─── Data below ───

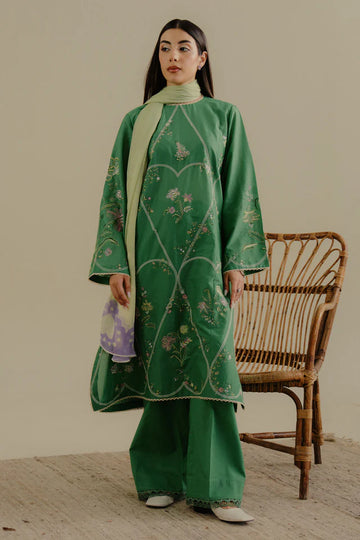 Tara-8B- Fresh Green embroidered lawn ensemble By- Zara Shahjahan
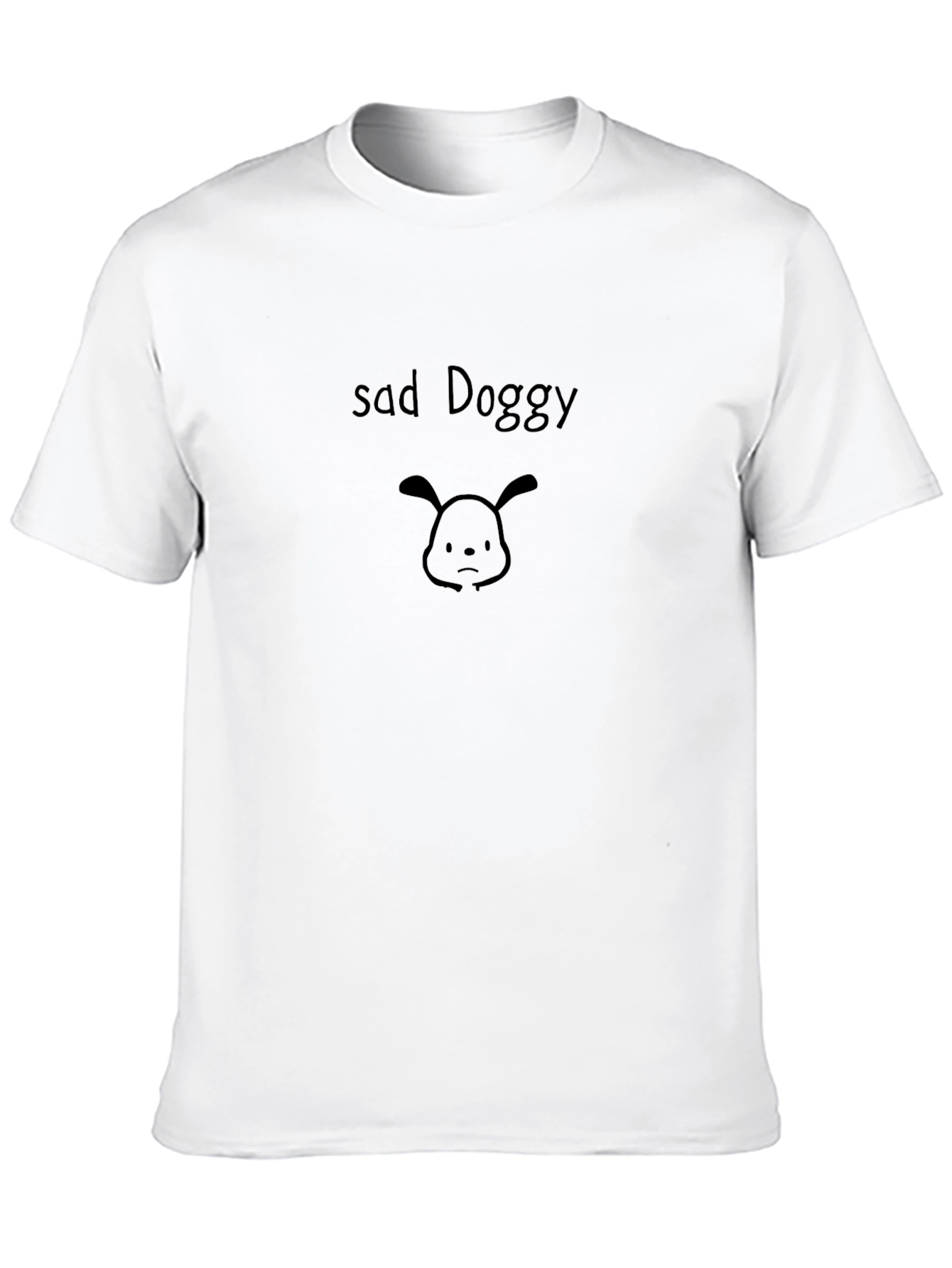 Sad Doggy Black Graphic Tee - Unisex Casual Wear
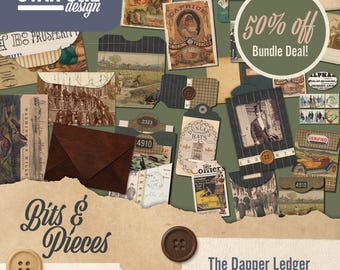 The Dapper Ledger Junk Journal Ephemera Bundle – 108 Printable Gentleman Tags, Pockets, Journal Cards & Envelopes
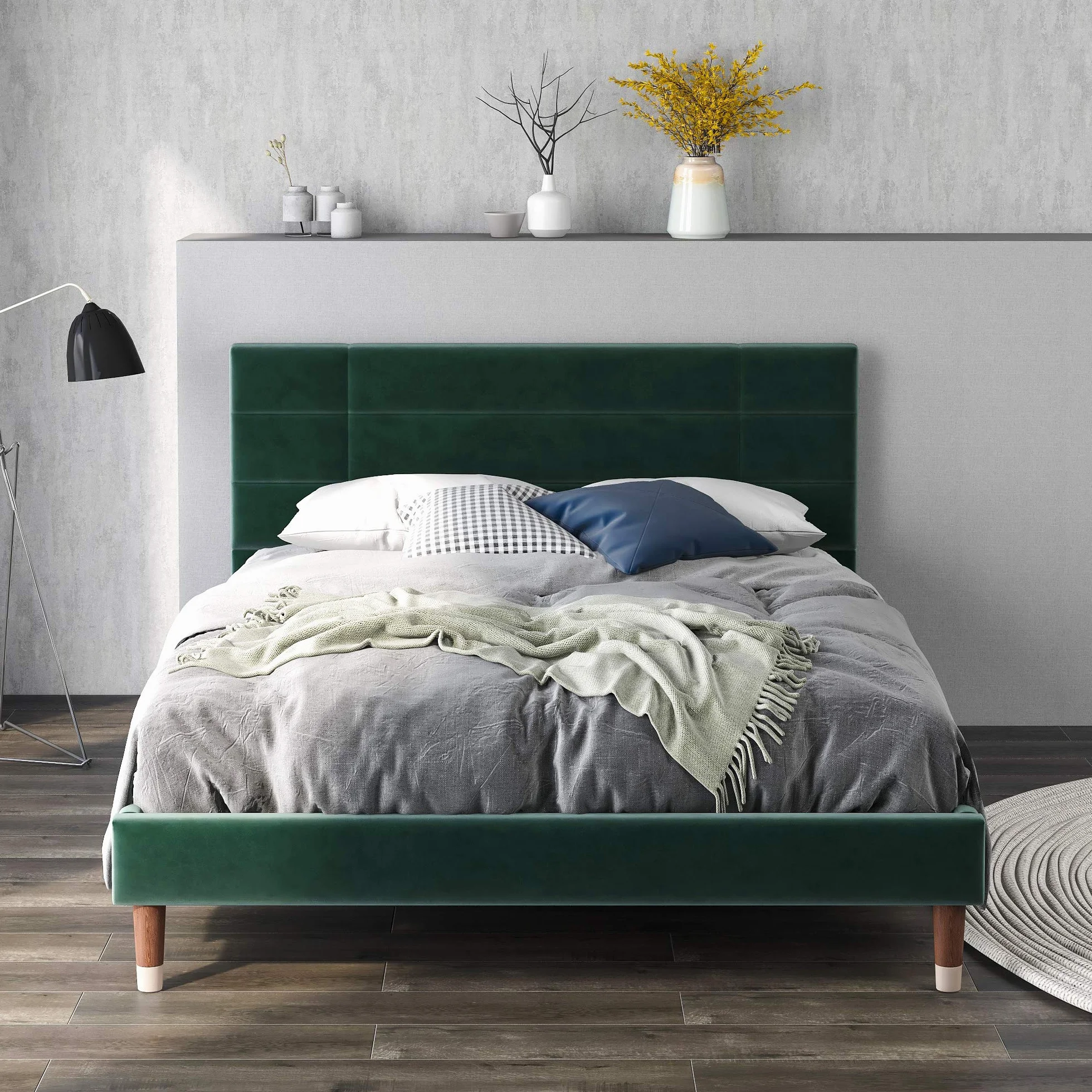 ModernLuxe Cama doble tapizada con cajón y somier, 140 x 200 cm, estructura acolchada con cabecero en terciopelo verde oscuro para adultos y jóvenes (colchón no incluido) (verde oscuro)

───

§ **Goal of the exercise**
Put each line of the listing above into the copy exactly, dropping the pictures.

§ **Answer below**
 Tara-8B- Fresh Green embroidered lawn ensemble By- Zara Shahjahan
 Sad Doggy Black Graphic Tee - Unisex Casual Wear
 The Dapper Ledger Junk Journal Ephemera Bundle – 108 Printable Gentleman Tags, Pockets, Journal Cards & Envelopes
 ModernLuxe Cama doble tapizada con cajón y somier, 140 x 200 cm, estructura acolchada con cabecero en terciopelo verde oscuro para adultos y jóvenes (colchón no incluido) (verde oscuro)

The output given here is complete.